Your logic is not good. Write an algorithm

def read_book():
    create word frequency dictionary (only once, not in a loop)
    open the file
    for each line in the file:
        split the line into words
        for each word in the line:
            increment the word's frequency (we don't need a word list)
    sort the frequency dict items (again only once, not in a loop)

The implementation must follow the same logic and the same indentation scheme.

Following your instructions to the best of my abilities here is my new code:
I just get a bunch of random numbers.

import string

def read_book():
    word_freq = {}
    f = open("alice_in_wonderland.txt", "r")
    for l in f.readlines()[10:3340]:
        book_line = l.strip().translate(None, string.punctuation)
        for w in book_line.split(" "):
            if w != "":
                word_freq[w] = word_freq.get(w, 0) + 1
                keys = word_freq.keys()
    keys.sort()
    return map(word_freq.get, keys)

Here we sort with reverse frequency, and show ten most common:

import string

def read_book():
    word_freq = {}
    f = open("alice.txt", "r")
    for l in f.readlines()[10:3340]:
        book_line = l.strip().translate(None, string.punctuation).lower()
        for w in book_line.split(" "):
            if w != "":
                word_freq[w] = word_freq.get(w, 0) + 1
    return sorted(word_freq.items(), reverse=True, key=lambda x: x[1])

print read_book()[:10]
"""Output:
[('the', 1591), ('and', 827), ('to', 713), ('a', 624), ('she', 529), ('it', 526), ('of', 492), ('said', 462), ('i', 400), ('alice', 385)]
"""

Here we sort with reverse frequency, and show ten most common:

import string

def read_book():
    word_freq = {}
    f = open("alice.txt", "r")
    for l in f.readlines()[10:3340]:
        book_line = l.strip().translate(None, string.punctuation).lower()
        for w in book_line.split(" "):
            if w != "":
                word_freq[w] = word_freq.get(w, 0) + 1
    return sorted(word_freq.items(), reverse=True, key=lambda x: x[1])

print read_book()[:10]
"""Output:
[('the', 1591), ('and', 827), ('to', 713), ('a', 624), ('she', 529), ('it', 526), ('of', 492), ('said', 462), ('i', 400), ('alice', 385)]
"""

Thanks Tony.
This is my code using a modified version of your return sorted() statement.

import string

def read_book():
    word_freq = {}
    f = open("alice_in_wonderland.txt", "r")
    for l in f.readlines()[10:3340]:
        book_line = l.strip().translate(None, string.punctuation)
        for w in book_line.split(" "):
            if w != "":
                w.lower()
                word_freq[w] = word_freq.get(w, 0) + 1
    return sorted(word_freq.items(), key=lambda x: x[1])[-20:-1]

It works!...sorta. mine says and is the most frequently occurring word(774 times).
impossible since we are using the same book, but I think I know why.

Are you sure you do not need the .lower() at line 7. It does change the result.

Without lower:

[('the', 1476), ('and', 757), ('to', 709), ('a', 607), ('she', 490), ('it', 482), ('of', 477), ('said', 456), ('I', 400), ('Alice', 385)]

Are you sure you do not need the .lower() at line 7. It does change the result.

Without lower:

[('the', 1476), ('and', 757), ('to', 709), ('a', 607), ('she', 490), ('it', 482), ('of', 477), ('said', 456), ('I', 400), ('Alice', 385)]

I put it in line 9 because that's right before I use w in word_freq.
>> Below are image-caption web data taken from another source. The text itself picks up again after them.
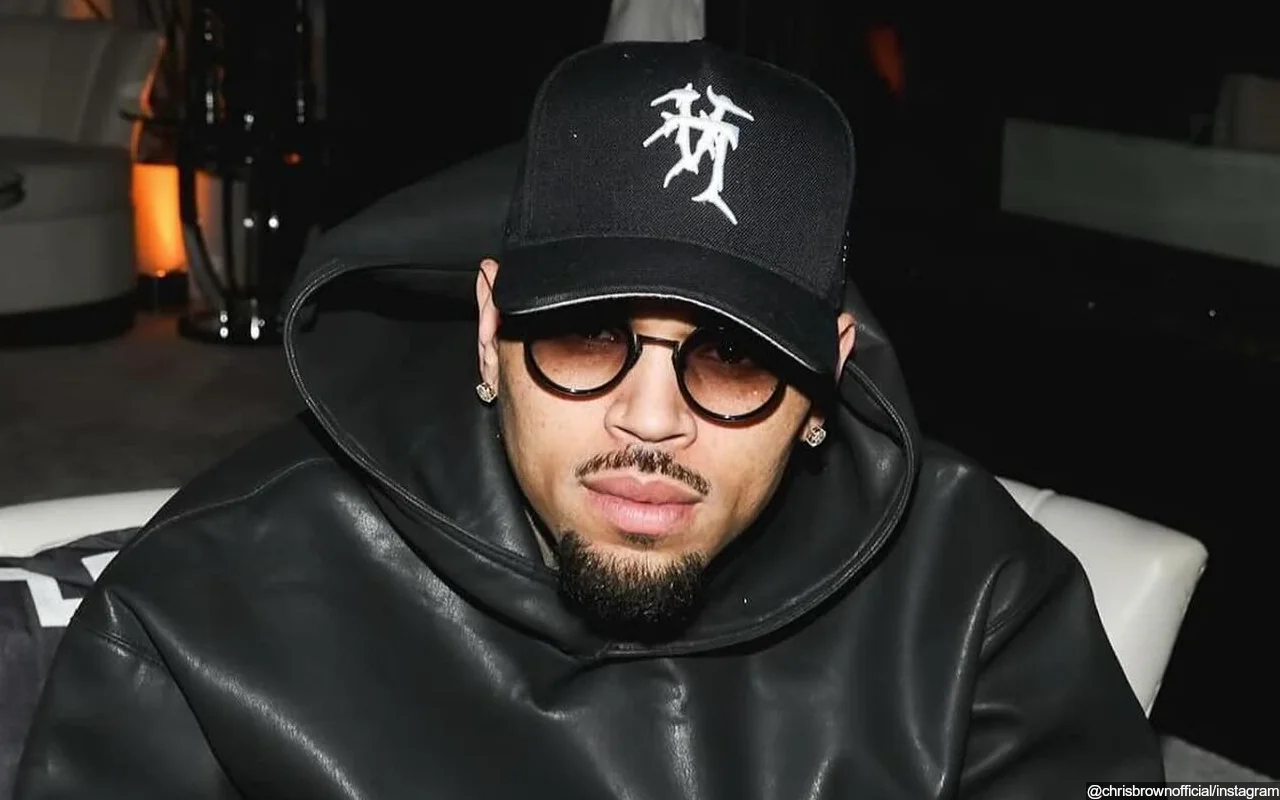 Chris Brown Likens Himself to Adult Film Star, Claims It's 'Fun' to Date Him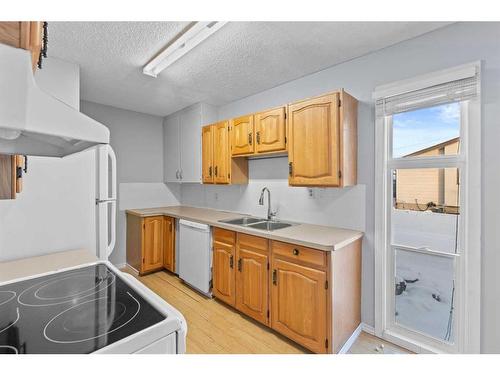 204 Olympia Drive Se, Calgary, AB - Indoor Photo Showing Kitchen With Double Sink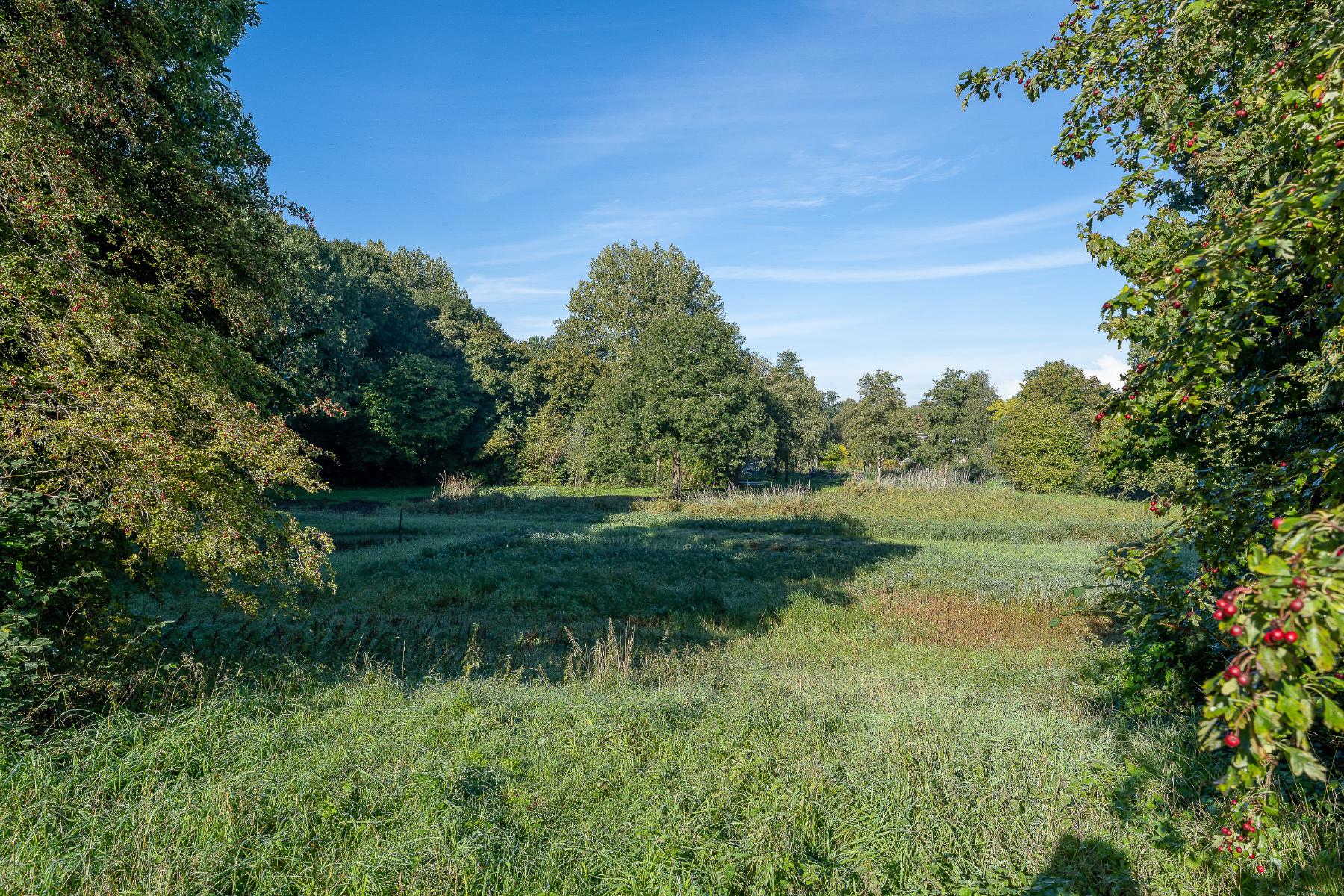 AMSTERDAM Olof Palmeplein 55 image 22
It made sense to me.
I think it worked.

Here is my final code:

import string

def read_book():
    word_freq = {}
    f = open("alice_in_wonderland.txt", "r")
    for l in f.readlines()[10:3340]:
        book_line = l.strip().translate(None, string.punctuation)
        for w in book_line.split(" "):
            if w != "":
                w.lower()
                word_freq[w] = word_freq.get(w, 0) + 1
    return sorted(word_freq.items(), key=lambda x: x[1])[::-1][0:20]
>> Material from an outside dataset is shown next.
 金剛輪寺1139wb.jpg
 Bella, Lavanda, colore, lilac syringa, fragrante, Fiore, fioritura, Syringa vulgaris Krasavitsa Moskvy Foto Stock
Oh, yes you have w.lower() at line 10, but it does nothing as it is not saved anywhere, so you still have case sensitive count.
I would also say line 9 as

if w:

Ahh yes you are right.

Oh, yes you have w.lower() at line 10, but it does nothing as it is not saved anywhere, so you still have case sensitive count.
I would also say line 9 as

if w:

I put .lower() in line 10:
For some reason I get more than you.

import string

def read_book():
    word_freq = {}
    f = open("alice_in_wonderland.txt", "r")
    for l in f.readlines()[10:3340]:
        book_line = l.strip().translate(None, string.punctuation)
        for w in book_line.split(" "):
            if w != "":
                word_freq[w.lower()] = word_freq.get(w.lower(), 0) + 1
    return sorted(word_freq.items(), key=lambda x: x[1])[::-1][0:20]

Output:

[('the', 1629), ('and', 844), ('to', 721), ('a', 627), ('she', 537), ('it', 526), ('of', 508), ('said', 462), ('i', 399), ('alice', 385), ('in', 365), ('you', 360), ('was', 357), ('that', 276), ('as', 262), ('her', 248), ('at', 209), ('on', 193), ('with', 180), ('all', 179)]

You must have missing some license texts from file. If I remove all those and run the indexing in all words for all file, I get same frequences as you.

You can't sort a dictionary, it is in no particular order, but you can read from it in the correct order.

dict = {3: "three", 1: "one", 2: "two"}
keys = [i for i in dict]
keys.sort()
for i in keys: print (dict[i])

This thread is off the hook. Is this about reordering a dict in order(sorting) or printing and finding some words and their locations + ordering them ????

???? ;)

So is this solved?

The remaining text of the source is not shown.